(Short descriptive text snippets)
######
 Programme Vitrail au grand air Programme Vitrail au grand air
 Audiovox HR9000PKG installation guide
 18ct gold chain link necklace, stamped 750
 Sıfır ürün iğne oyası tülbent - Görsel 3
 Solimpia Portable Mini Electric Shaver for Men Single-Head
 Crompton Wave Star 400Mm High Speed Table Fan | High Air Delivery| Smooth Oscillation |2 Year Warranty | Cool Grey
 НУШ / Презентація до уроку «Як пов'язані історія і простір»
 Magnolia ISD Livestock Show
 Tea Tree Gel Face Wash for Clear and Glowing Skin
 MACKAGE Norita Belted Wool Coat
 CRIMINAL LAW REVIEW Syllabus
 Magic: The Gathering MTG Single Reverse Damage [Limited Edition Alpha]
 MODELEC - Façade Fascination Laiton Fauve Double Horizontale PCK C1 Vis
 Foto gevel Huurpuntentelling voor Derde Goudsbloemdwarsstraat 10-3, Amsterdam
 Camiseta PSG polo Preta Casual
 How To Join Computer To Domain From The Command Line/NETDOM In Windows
######
→ **Exercise details**: The answer must be all the lines above that hold the word "Single".

→ **Reply**:
 Solimpia Portable Mini Electric Shaver for Men Single-Head
 Magic: The Gathering MTG Single Reverse Damage [Limited Edition Alpha]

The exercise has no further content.